(EXERCISE MATERIALS)
%%

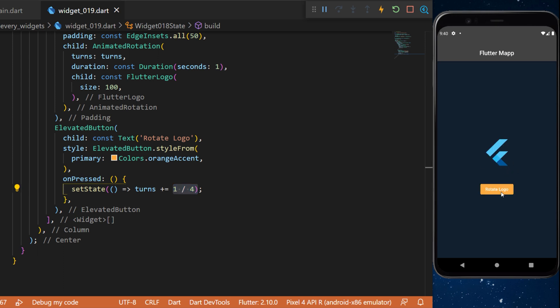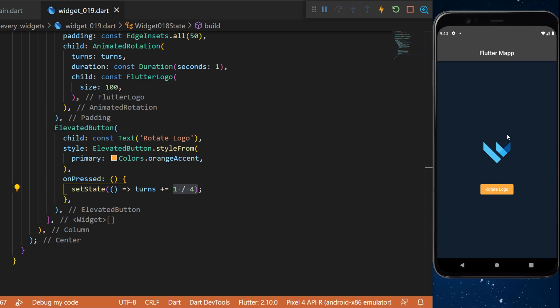With all this, when you press on the rotate logo button, this will rotate the Flutter logo one quarter, and you can do it multiple times. This is how to create an animation for the rotation of any widget.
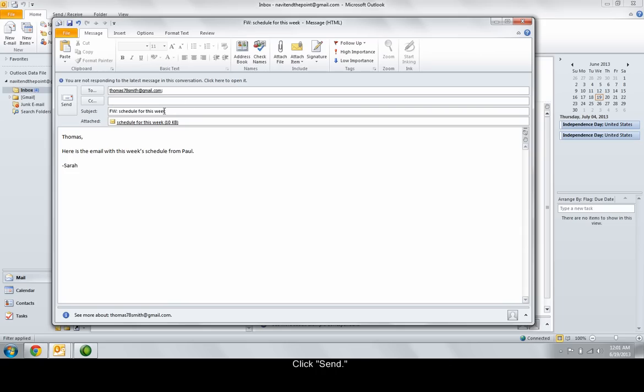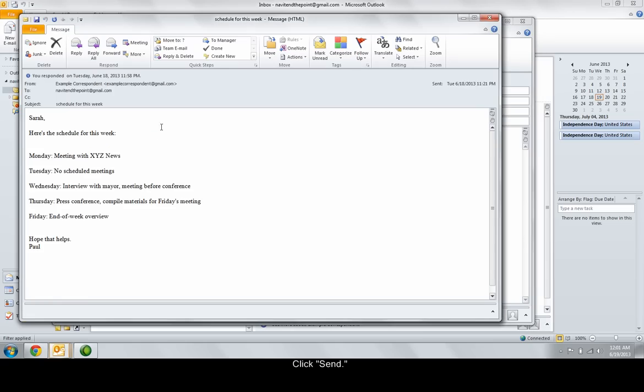The advantage of using the forward as attachment tool is that it keeps the original email intact and is easier for the forward recipients to read since it doesn't have added text.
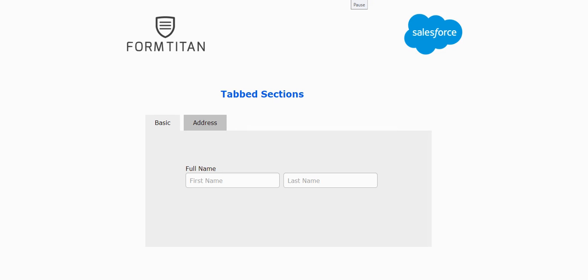Hi guys, in this video I want to show you how to work with tabs on sections. This is a new feature we've released and it is very helpful, especially in complex forms.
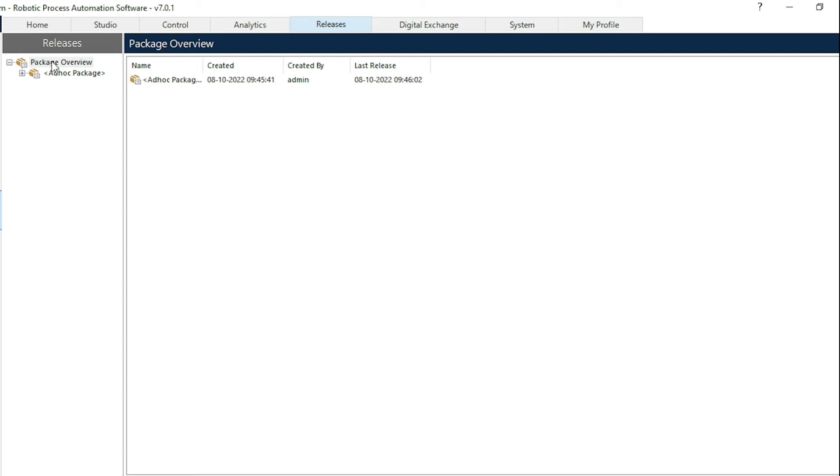Next one is the digital extension tab which is newly added in the system. With the help of digital extension tab we can check whether new updates are available in Blue Prism or not.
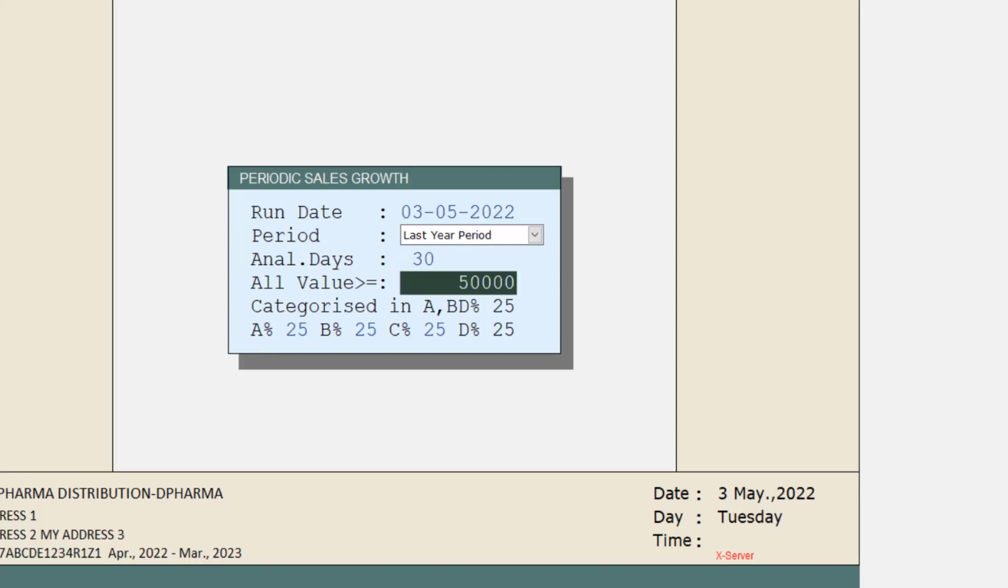Then is All Values Greater Than Equals To. It means the sales which are above 50,000, its report will be shown and you can also change this value according to you. After this, you will set the category.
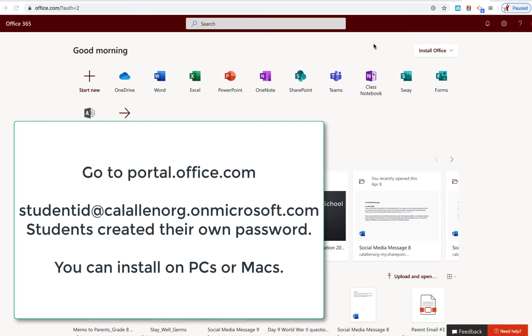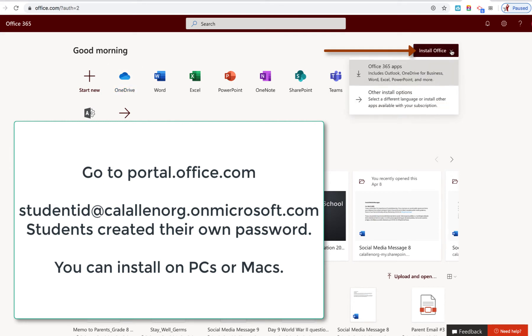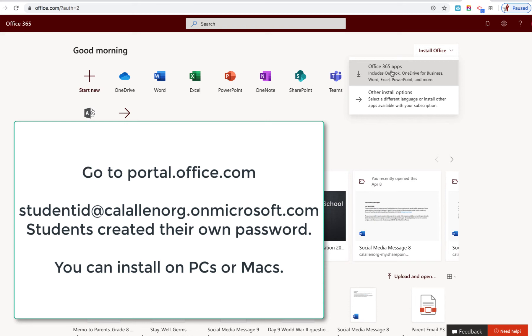Once you're logged in, over here on the top right, you should see Install Office. Just go ahead and click on that, and then click on Office 365 apps.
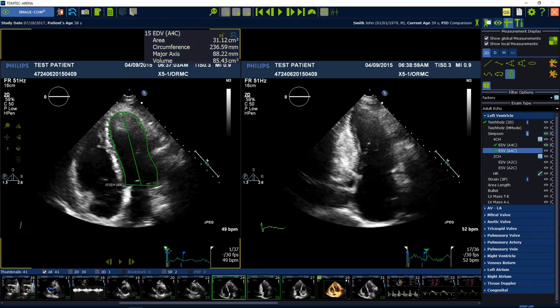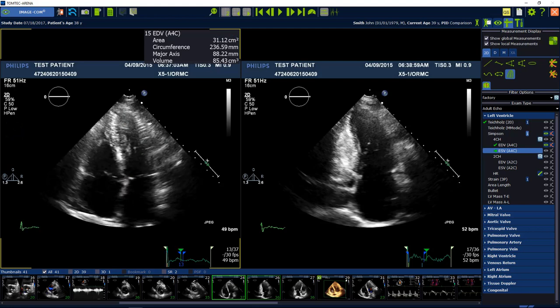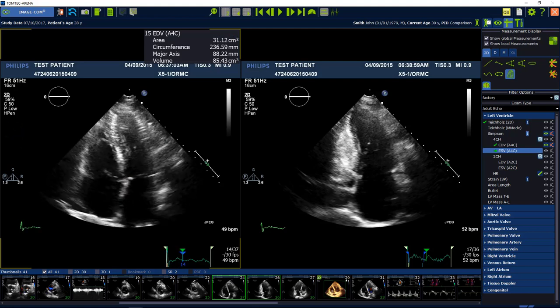Continue the procedure with the end systolic volume of the 4 chamber view, followed by the end diastolic and end systolic volume of the 2 chamber view.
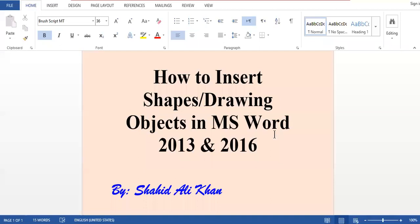Bismillah ar-Rahman ar-Raheem. Assalamu alaikum. Today we are going to discuss how we can insert different shapes and different drawing objects in Microsoft Word 2013 and 2016.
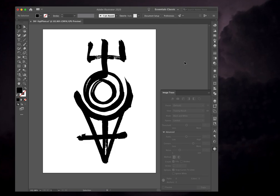So Illustrator gives you a lot of options to edit these things once you get to the vector step. Photoshop also gives you a lot of options. I encourage you to use whichever program you're more familiar with to do those because it will come out better.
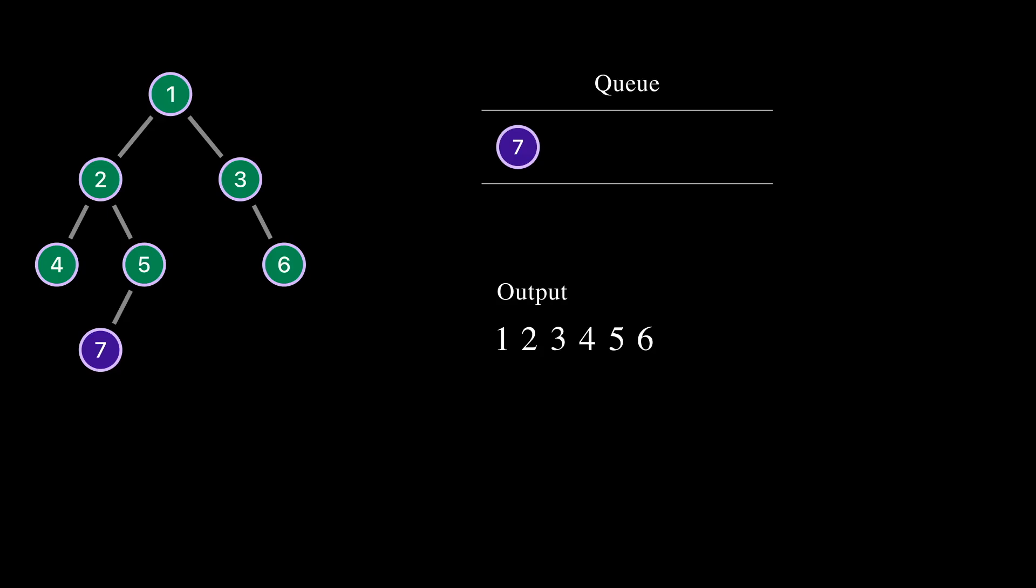We took the last node from the queue. Node 7 doesn't have child nodes, so nothing to add to the queue. We print 7 to the output. We completed the level order traversal of the binary tree. During this traversal, we visited nodes based on level order.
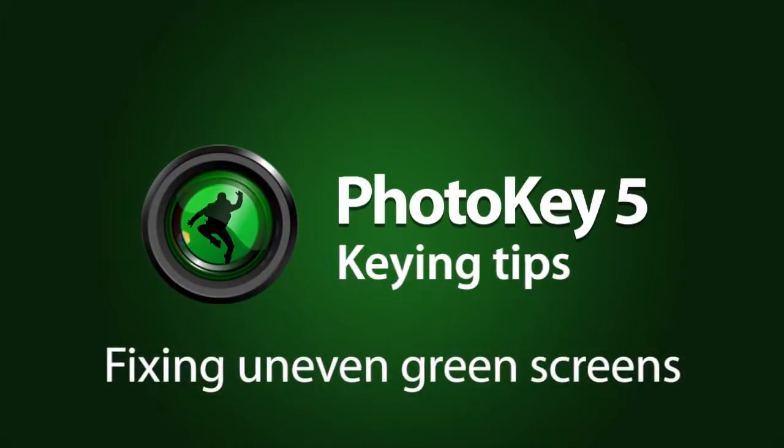Hello, and thanks for tuning in. I'm Axel Wilkinson, back with another look at PhotoKey5's keying tools.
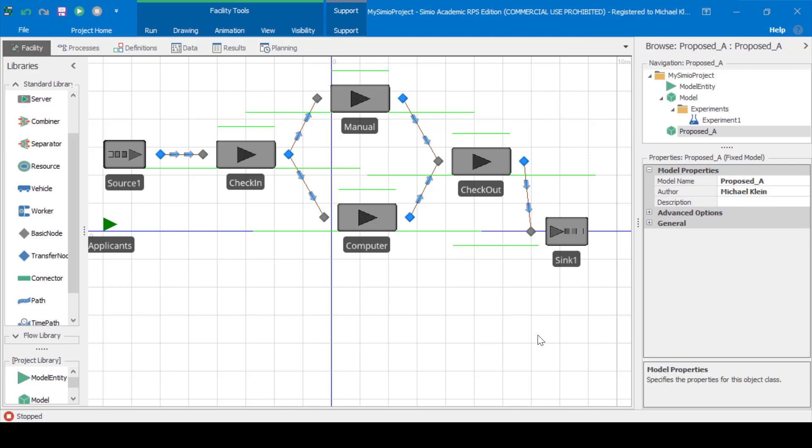That completes our video for this exercise. There are some additional configurations that you've been asked to do for the assignment. I hope you have fun building these models using Simio simulation software.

%%

(DIRECTIONS FOR THIS TASK) Return the stretch of data that begins with the line showing "We took the" and goes on through the line showing "Hello, and thanks", exactly, with pictures removed.

(TASK RESULT)
We took the last node from the queue. Node 7 doesn't have child nodes, so nothing to add to the queue. We print 7 to the output. We completed the level order traversal of the binary tree. During this traversal, we visited nodes based on level order.
Hello, and thanks for tuning in. I'm Axel Wilkinson, back with another look at PhotoKey5's keying tools.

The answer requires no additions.